The French quarterly accounts are constructed using an indirect method, based on two major data series: the annual national accounts, and the short-term outlook data compiled from various sources. Hence, a temporal disaggregation methodology is needed.
disaggR isn’t the only package on the CRAN providing such methods. tempdisagg relies on a formula interface, supports most time series classes and provides compatibility with irregular disaggregation setting (e.g. months to days).
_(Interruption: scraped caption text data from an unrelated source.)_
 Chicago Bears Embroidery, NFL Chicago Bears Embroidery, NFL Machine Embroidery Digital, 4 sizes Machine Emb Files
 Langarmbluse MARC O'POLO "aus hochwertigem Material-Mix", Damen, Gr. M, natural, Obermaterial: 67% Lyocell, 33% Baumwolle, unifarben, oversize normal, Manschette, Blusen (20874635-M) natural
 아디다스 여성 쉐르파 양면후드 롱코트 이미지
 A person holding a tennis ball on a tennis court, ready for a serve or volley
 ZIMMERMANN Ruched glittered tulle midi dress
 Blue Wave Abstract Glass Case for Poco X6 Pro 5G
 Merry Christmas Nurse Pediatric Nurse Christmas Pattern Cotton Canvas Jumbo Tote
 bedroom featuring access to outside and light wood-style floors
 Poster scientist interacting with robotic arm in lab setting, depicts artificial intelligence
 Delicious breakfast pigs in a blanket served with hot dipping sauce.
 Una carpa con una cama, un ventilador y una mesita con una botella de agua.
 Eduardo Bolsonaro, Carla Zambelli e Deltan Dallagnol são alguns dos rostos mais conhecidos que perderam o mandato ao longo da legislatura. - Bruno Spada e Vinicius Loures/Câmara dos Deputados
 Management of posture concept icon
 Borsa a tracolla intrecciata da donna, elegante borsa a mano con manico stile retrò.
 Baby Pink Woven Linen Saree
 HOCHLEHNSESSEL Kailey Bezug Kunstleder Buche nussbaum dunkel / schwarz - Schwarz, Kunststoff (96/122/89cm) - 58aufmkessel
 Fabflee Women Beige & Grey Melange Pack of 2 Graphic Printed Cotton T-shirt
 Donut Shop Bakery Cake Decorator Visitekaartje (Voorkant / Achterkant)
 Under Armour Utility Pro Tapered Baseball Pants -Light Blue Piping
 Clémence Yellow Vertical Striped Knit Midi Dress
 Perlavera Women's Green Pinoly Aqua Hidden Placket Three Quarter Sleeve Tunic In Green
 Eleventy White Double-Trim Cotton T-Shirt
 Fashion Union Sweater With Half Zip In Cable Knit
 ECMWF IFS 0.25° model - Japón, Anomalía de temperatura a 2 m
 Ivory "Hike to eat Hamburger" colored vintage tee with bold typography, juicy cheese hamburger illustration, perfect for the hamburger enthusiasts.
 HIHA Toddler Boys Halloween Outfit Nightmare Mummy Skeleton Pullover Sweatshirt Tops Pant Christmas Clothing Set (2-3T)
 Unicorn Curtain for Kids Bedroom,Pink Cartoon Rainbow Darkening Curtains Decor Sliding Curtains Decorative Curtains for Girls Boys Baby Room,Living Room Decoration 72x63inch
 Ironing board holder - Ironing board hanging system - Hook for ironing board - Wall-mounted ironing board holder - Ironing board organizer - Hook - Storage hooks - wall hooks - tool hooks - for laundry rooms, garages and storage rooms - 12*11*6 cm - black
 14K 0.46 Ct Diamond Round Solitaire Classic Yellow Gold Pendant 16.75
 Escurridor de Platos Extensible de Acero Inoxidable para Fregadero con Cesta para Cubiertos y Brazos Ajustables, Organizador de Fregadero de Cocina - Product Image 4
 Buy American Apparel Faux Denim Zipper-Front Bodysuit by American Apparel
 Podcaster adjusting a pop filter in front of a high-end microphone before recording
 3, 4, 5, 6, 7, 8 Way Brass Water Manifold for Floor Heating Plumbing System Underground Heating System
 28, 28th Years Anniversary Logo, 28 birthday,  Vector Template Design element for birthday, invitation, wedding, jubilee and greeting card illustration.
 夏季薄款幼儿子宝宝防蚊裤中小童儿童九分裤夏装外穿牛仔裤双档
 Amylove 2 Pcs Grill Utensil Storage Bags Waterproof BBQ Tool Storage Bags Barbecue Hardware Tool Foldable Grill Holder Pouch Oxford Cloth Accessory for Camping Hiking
disaggR has different goals:
- implementing the french national accounts methodology on time-series
of the class
"ts"
- providing a simple syntax that relies on standard evaluation and functions
- being fast enough to deal with the production of multiple series without linking to Rcpp (for readability purposes)
For further details about the french national accounts methodology, see Methodology of quarterly national accounts.
Within that vignette, for each matrix time series, like in R, rows stand for the time and columns for the different variables. As for the operations, \(*\) stands for the standard product, \(\odot\) for the element-wise multiplication, and \(\oslash\) for the element-wise division.
Two-Steps Benchmarks
twoStepsBenchmark(turnover,construction)
The two-steps benchmarks, provided by
twoStepsBenchmark()
, rely on this high-frequency
formula:
\[ C = I * a + u \]
Where:
- \(C\), an univariate time series, is the high-frequency account.
-
\(I\), a matrix time series,
combines the columns of the indicators, the outliers and the constant.
If
include.differenciation
isTRUE
, the constant is actually a trend. - \(a\), a numeric vector, stands for the coefficients to be applied.
- \(u\), an univariate time series, is the smoothed part of the benchmark.
The coefficients are estimated at low-frequency,
within the coeff.calc window, eventually after a differentiation if
include.differenciation
is TRUE
:
\[ C_{aggregated}' = I_{aggregated}' * a + u' \]
If include.rho
is TRUE
, \(u'\) is an AR1 process with an
autocorrelation parameter, and \(a\) is
estimated through a Prais-Winsten process. Otherwise, an ordinary least
squares process is used.
These coefficients are applied at high-frequency, to obtain the fitted values of the benchmark:
\[ \text{fitted.values} = I * a \]
Note that, especially when include.differenciation
is
TRUE
, the level of the fitted values is arbitrary: a
constant is chosen to zero during the implicit reintegration.
The choice of this constant, however, doesn’t impact the benchmarked
series.
u is smoothed:
\[ u = smooth(extrapolation(C_{aggregated} - \text{fitted.values}_{aggregated})) \]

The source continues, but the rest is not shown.